AIM OF THE EXERCISE.
The reply to the records below should contain exactly the lines from the line with "Side view of" through the line with "Large rooftop deck", and nothing besides.

SOURCE RECORDS.
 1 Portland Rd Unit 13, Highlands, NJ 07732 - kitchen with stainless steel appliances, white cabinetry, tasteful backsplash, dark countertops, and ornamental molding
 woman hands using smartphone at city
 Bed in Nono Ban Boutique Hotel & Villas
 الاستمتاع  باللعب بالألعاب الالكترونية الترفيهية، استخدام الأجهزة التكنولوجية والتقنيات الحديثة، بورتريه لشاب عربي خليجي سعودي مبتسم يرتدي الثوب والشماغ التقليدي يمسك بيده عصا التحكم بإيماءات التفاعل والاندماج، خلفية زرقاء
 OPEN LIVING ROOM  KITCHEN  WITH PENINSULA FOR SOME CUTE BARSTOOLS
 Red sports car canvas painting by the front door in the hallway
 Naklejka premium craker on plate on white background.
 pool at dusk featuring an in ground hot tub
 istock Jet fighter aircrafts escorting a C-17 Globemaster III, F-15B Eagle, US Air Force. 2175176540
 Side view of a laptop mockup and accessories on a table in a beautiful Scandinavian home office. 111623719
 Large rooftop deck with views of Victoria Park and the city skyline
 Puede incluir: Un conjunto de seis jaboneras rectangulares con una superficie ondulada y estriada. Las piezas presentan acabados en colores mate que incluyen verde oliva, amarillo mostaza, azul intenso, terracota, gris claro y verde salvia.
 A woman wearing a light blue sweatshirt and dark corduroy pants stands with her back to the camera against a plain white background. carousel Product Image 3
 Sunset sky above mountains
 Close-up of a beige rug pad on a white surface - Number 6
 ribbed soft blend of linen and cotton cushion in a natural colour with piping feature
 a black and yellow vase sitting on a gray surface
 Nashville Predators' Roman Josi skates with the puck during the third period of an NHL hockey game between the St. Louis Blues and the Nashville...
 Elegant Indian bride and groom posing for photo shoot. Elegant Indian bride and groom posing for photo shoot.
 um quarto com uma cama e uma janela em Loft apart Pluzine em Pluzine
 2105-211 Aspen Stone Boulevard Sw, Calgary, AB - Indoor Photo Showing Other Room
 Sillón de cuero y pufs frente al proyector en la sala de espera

EXERCISE RESULT.
 Side view of a laptop mockup and accessories on a table in a beautiful Scandinavian home office. 111623719
 Large rooftop deck with views of Victoria Park and the city skyline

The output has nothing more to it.